*Provided material*:
- - -

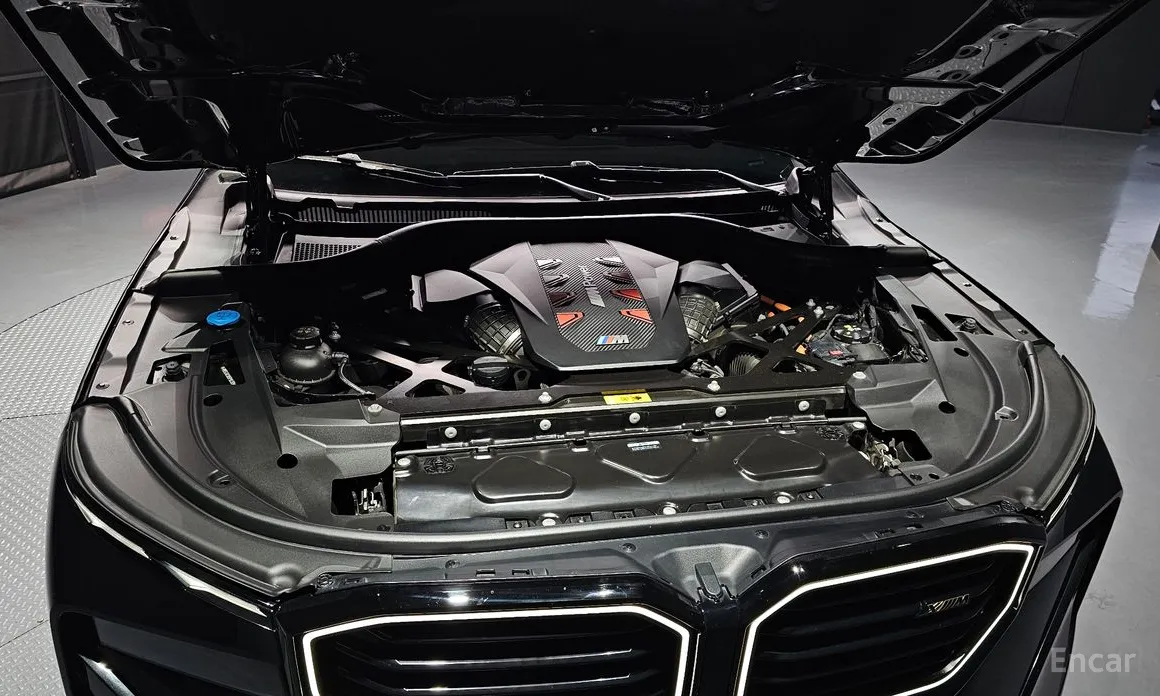 BMW XM 2023 4.4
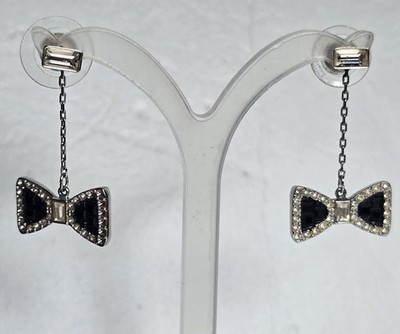 Swarovski Sue Ohrringe 1158019 CRY/JET 2-in-1 Schleife signiert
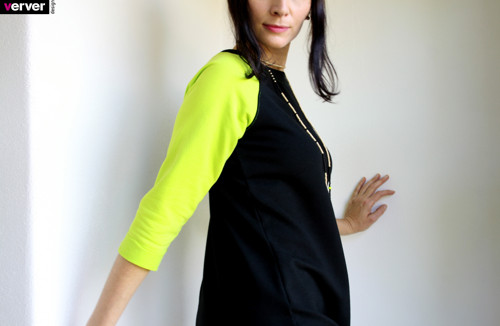 Šaty "černé-neon" (M) — foto 4
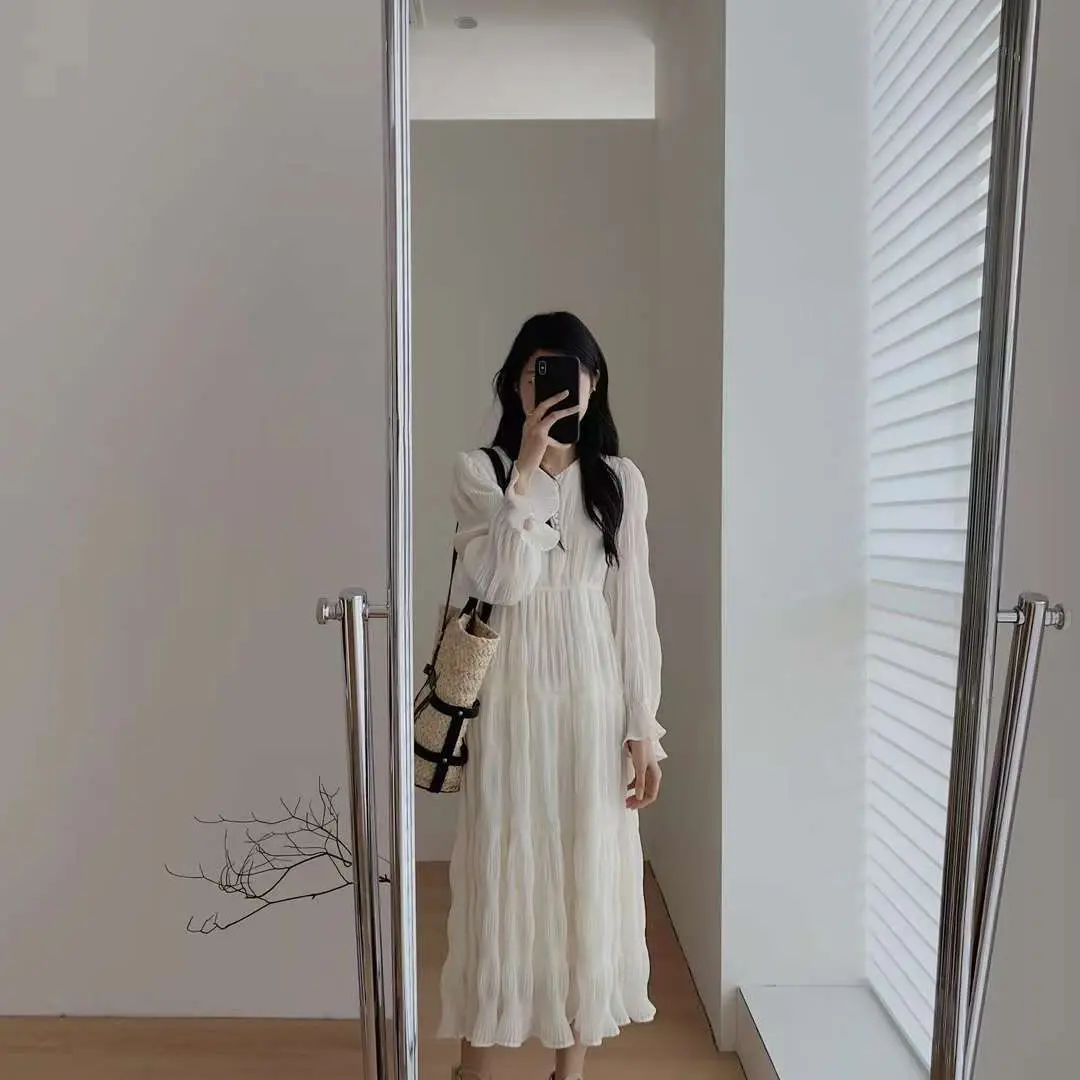 

2024 Early Spring Women's V-neck Long Sleeved White French Dress High Waisted Casual Long Dress F019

- - -

*What you have to do*:
All of the data should be returned word for word, with each picture left out.

*Exercise answer*:
 BMW XM 2023 4.4
 Swarovski Sue Ohrringe 1158019 CRY/JET 2-in-1 Schleife signiert
 Šaty "černé-neon" (M) — foto 4

2024 Early Spring Women's V-neck Long Sleeved White French Dress High Waisted Casual Long Dress F019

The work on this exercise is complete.